FT Group profits rise 17%

Publisher of Financial Times operating profits grow to £55m in 2013 as owner Pearson announces overall slump of 21%. By John Reynolds
  
  

Financial Times
Pearson has said the Financial Times is a profitable entity as operating profits at FT Group grew by 17%. Photograph: Financial Times Photograph: Financial Times

Pearson has reported a 21% slump in its overall operating profit for 2013, as its core US education business continues to be hit by the "worst trading conditions" seen in decades. However, profits at the company's FT Group, home of the Financial Times, were up 17% to £55m.

FT Group, which includes the Financial Times and Pearson's 50% stake in the Economist Group, reported sales of £449m, down 1% year-on-year, but operating profits were up 17% on 2012.

Pearson chief finance officer Robin Freestone said that the FT is a profitable entity in its own right.

Digital subscribers to FT.com grew 31% year-on-year to 415,000 and now represent almost two-thirds of the FT's total paying audience, powered by a 60% upsurge in corporate users.

THE HTML app, which launched in 2011 and bypasses Apple iTunes so as to have a direct relationship with readers, was performing "extremely well", the group said.

Mobile now accounts for nearly a quarter of all new subscriptions at the FT, it added.

FT.com digital subscriptions of 415,000, more than offset the planned reductions in print circulation, the group said.

However, the group said print advertising continued to be short-term and "generally weak", though the FT increased its market share with luxury and financial sectors.

Overall, advertising revenues accounted for 37% of FT Group revenues in 2013, compared to 52% in 2008.

Recent changes such as redesigns to mobile apps and improvements to FT.com had helped signifcantly increase overall digital engagement, the group said.

Operating profits at the Economist Group were up 3% on 2012.

Pearson's full-year figures for 2013, published on Friday, follow a dire trading update Pearson gave in January, when it informed the market that operating profits would be below analysts' estimates.

Adjusted operating profits at Pearson's North American business were down 24% to £406m, partly due to £49m restructuring costs, as it was hit by major cutbacks in public spending.

Overall, Pearson's operating profit was down 21% year-on-year to £736m, on revenues up 2% to £5.28bn.

Pearson's North American education business, which makes up more than half the group's revenues, has been hit by schools and colleges deferring spending on educational materials while college enrolments in the US are temporarily lower.

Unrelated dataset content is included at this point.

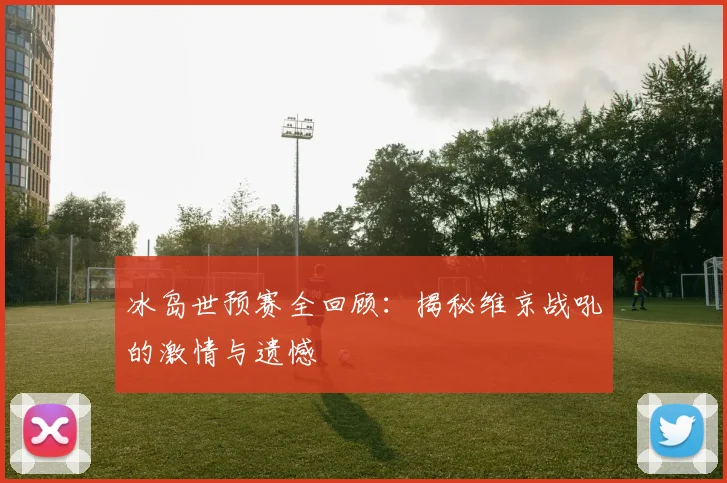 冰岛世预赛全回顾：揭秘维京战吼的激情与遗憾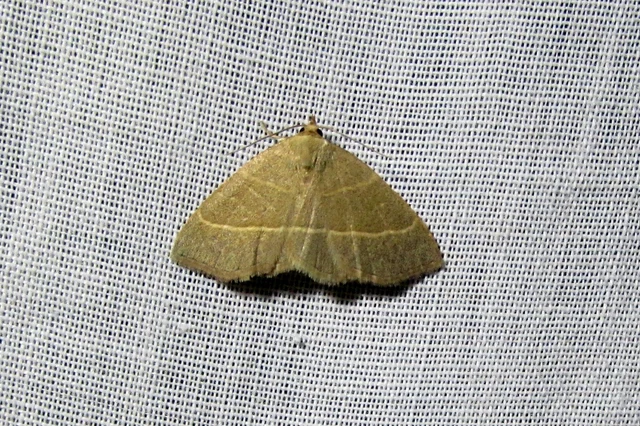 Trisateles emortualis - sárgacsíkos karcsúbagoly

The group's educational business, outside of North America, has also been hit, with profits down 24% to £140m.

But Fallon said the group was in the second year of a "short, sharp" transition which would see the education business more focused on digital education and growing again by 2015.

Pearson said ​book publisher​ Penguin Random House – ​ ​the joint venture between Pearson and Bertelsmann's Random House​ – ​traded well in the second half of the year.

The merger was complete​d​ in July 2013 and Pearson said its performance had been boosted by a strong bestseller performance in all its markets.

Pearson​ owns ​47% of the joint venture, and its share of revenues for the six months from July was £513m, with an adjusted operating profit of £78m.

In 2012, Penguin's full-year revenues were £1.053bn, with an adjusted operating profit of £98m.

Bestsellers in 2013 in the UK included Dan Brown's Inferno; David Jason's My Life, Jamie Oliver's Save with Jamie and Helen Fielding's Bridget Jones: Mad About the Boy.

In the US, Penguin Random House published 480 New York Times bestsellers, including Inferno, John Grisham's Sycamore Row and Khaled Hosseini's And the Mountains Echoed.

Pearson's share price was down 7.78% to 992p at about 9.30am on Friday.